- [Task directions]
Each line of the material must be reproduced exactly; pictures stay out.

- [Data excerpt]

▼

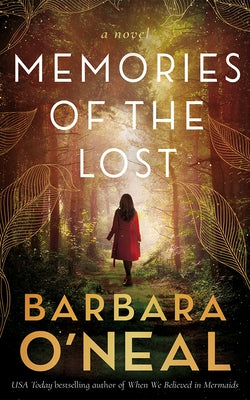 Paperback copy of Memories of the Lost by Lake Union Publishing featuring a book cover with a scenic landscape design.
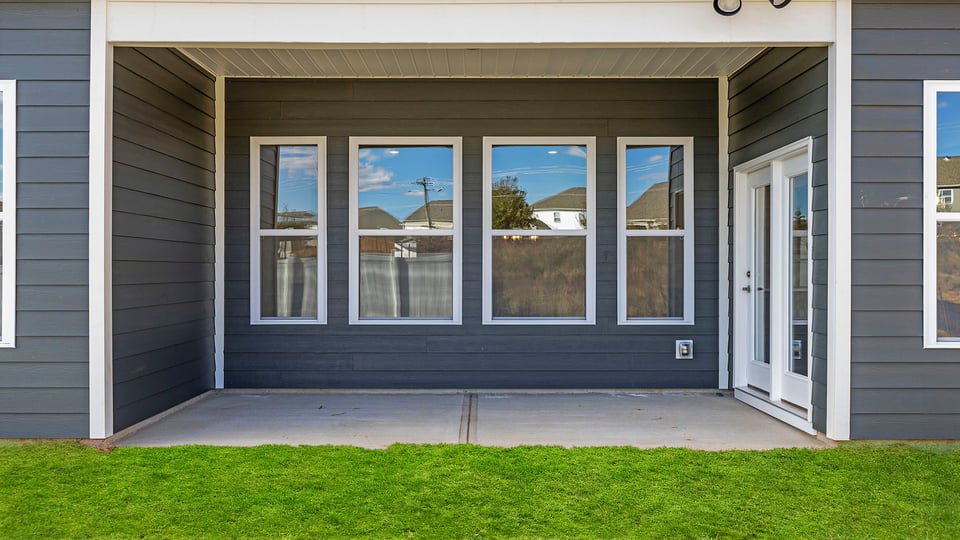 Back exterior with large backyard.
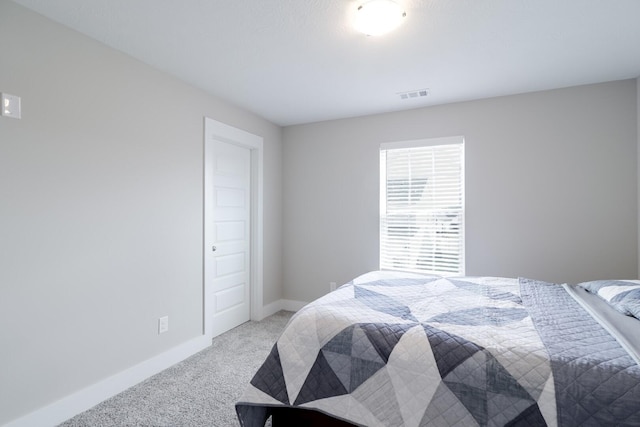 bedroom with light carpet, visible vents, and baseboards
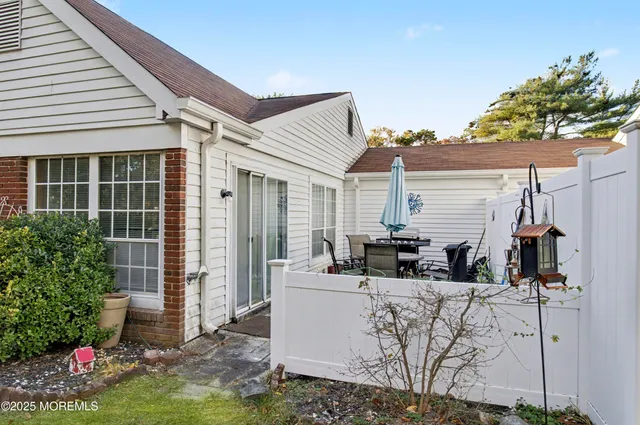 a large white kitchen with stainless steel appliances granite countertop lots of white cabinets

▲

- [The completed task]
 Paperback copy of Memories of the Lost by Lake Union Publishing featuring a book cover with a scenic landscape design.
 Back exterior with large backyard.
 bedroom with light carpet, visible vents, and baseboards
 a large white kitchen with stainless steel appliances granite countertop lots of white cabinets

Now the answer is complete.